Na semana em que Jair Bolsonaro xingou a mãe de um ministro do Supremo e ameaçou dar golpe para escapar da Justiça, dois personagens se destacaram pela omissão: o procurador-geral da República, Augusto Aras, e o presidente da Câmara, Arthur Lira. Ambos chegaram aonde estão com ajuda do presidente. Agora agem como cúmplices da escalada autoritária.
A Constituição afirma que cabe ao Ministério Público defender a ordem jurídica, o regime democrático e os interesses sociais. Aras ignora esses deveres para proteger quem o nomeou. Sua incúria expõe o Judiciário a desgastes e começa a gerar um clima de insurreição na PGR.
Na sexta-feira, 27 subprocuradores-gerais divulgaram uma carta pública de protesto. O texto afirma que o chefe da instituição não pode “assistir passivamente” aos “estarrecedores ataques” de Bolsonaro.
Aras transformou a PGR num peso morto em Brasília. Em vez de investigar, blinda o presidente contra investigações. Em vez de denunciar, acoberta crimes contra a saúde pública e a democracia.
Sua inércia era atribuída à ambição de alcançar uma vaga no Supremo. Ele foi preterido, mas parece ter se conformado com a recondução ao cargo que ocupa. A indicação já foi enviada ao Senado e deve ser aprovada sem percalços.
Na Câmara, Lira continua a segurar mais de uma centena de pedidos de impeachment. Sua omissão impede que o presidente seja julgado por múltiplos crimes de responsabilidade. E vale como incentivo para que continue a delinquir.

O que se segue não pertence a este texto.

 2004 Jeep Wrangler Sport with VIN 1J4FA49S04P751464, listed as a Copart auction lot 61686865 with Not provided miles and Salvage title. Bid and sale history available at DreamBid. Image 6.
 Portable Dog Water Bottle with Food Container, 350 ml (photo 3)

O deputado pilota o trator do atraso legislativo. Em sua gestão, a Câmara tem favorecido desmatadores e grileiros com o desmonte da legislação ambiental. A agenda econômica também virou uma janela para grandes negócios. A venda da Eletrobrás foi aprovada com jabutis que orgulhariam o ex-deputado Eduardo Cunha. Agora o Centrão esfrega as mãos diante da privatização dos Correios.

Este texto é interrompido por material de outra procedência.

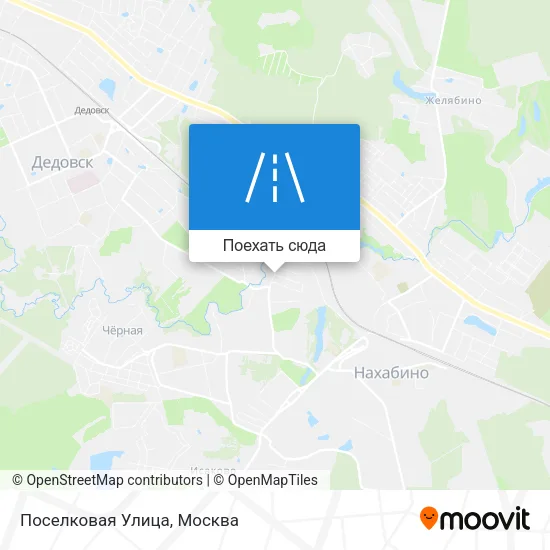 Карта Поселковая Улица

Lira cobra caro pelo silêncio diante dos desmandos presidenciais. Hoje ele comanda a distribuição de cerca de R$ 11 bilhões em emendas parlamentares. É o chefão do orçamento secreto, que lubrifica as votações de interesse do governo.
Na sexta, o deputado fez mais uma concessão ao extremismo. Anunciou que a emenda do voto impresso, derrotada em comissão especial, será votada de novo no plenário. A manobra dá sobrevida ao discurso golpista de Bolsonaro. E mantém o balcão aberto para negociações com o Planalto.